Graphcore is moving to scale its systems to even larger numbers. The latest announcement is the availability of the Graphcore IPU-POD128 and IPU-POD256 adding, even more, compute to Graphcore clusters.
Graphcore IPU-POD128 and IPU-POD256 Extend Scale
Graphcore already had IPU-PODs ranging up to 64 units (IPU-POD64) but the new announcement covers clusters two and four times as large. Scaling in a Graphcore IPU-POD is accomplished via a 100GbE switched architecture. Each IPU-M2000 has a IPU-Links/ IPU-GW that allows the company to tunnel Gateway Links over 100GbE. The Gateway Links are the rack-to-rack communication links.
The company had two scaling benchmarks it was showing. The first is the scaling all the way to 256 nodes. Something that should be noted here is that while your eye may be drawn to the 95% scaling figure on the chart, just taking the images/ sec and dividing that by the IPU number actually means the waterfall is delivering about 25% efficiency loss going from the IPU-POD16 to IPU-POD256. We think the key that Graphcore is showing here is that it is taking less of a scaling hit from 128 to 256 than it does from 16 to 64 or 64 to 128.
Graphcore also shared a ResNet50 result.
This one had better scaling but it is a bit strange to have in a release saying your system scales to 128 or 256 when you are presenting one of the two scaling efficiency charts without the 256 results.
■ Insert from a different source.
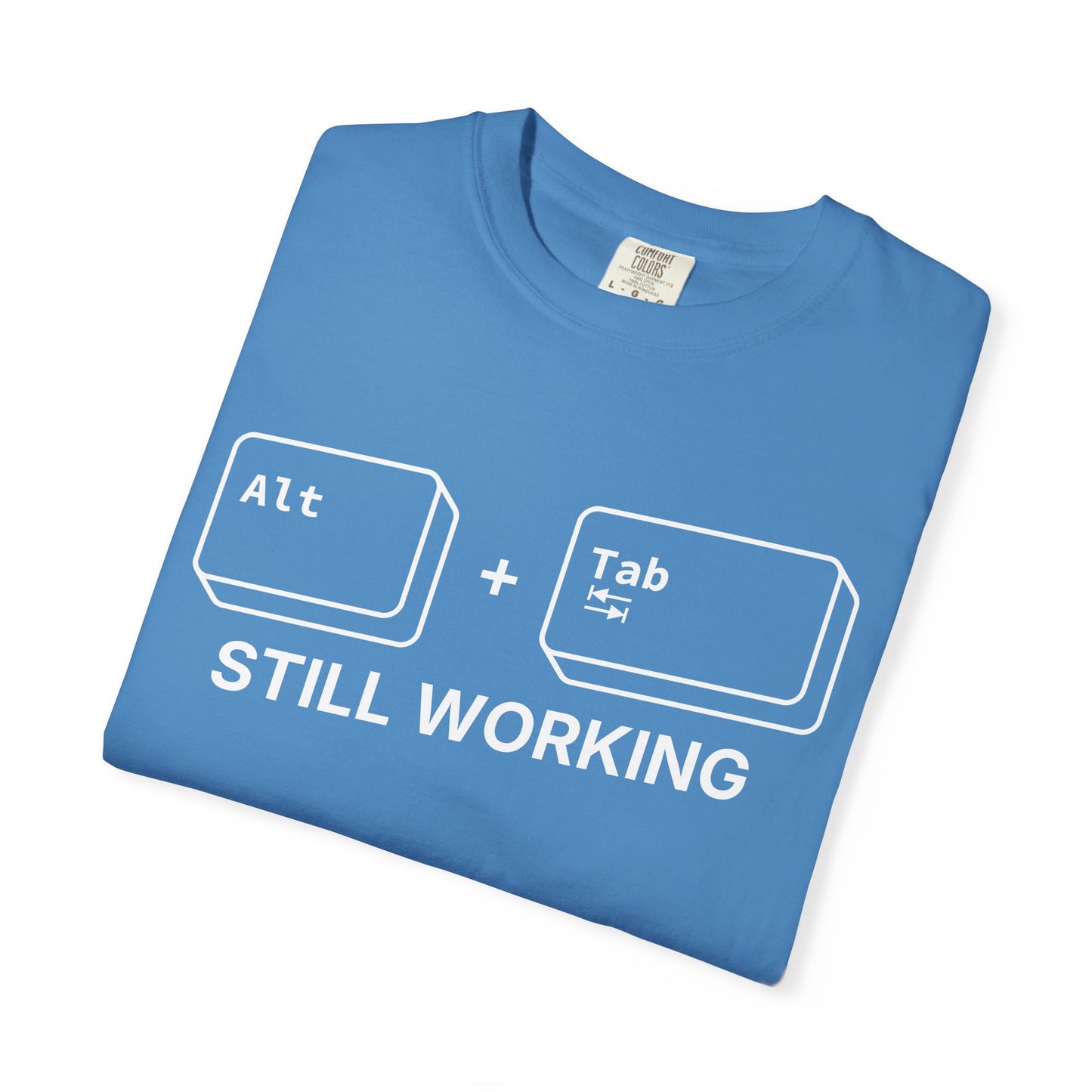 Alt + Tab, Still Working - T-Shirt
It is good to see Graphcore demonstrating a commitment to scaling. After Graphcore celebrated a stunning loss at MLPerf Training v1.0 the company needs to come up with a better storyline. That is not uncommon for startups. Doing this announcement outside of MLPerf allows them to share the story without having immediate direct comparisons which seems like a wise move by the company at this juncture.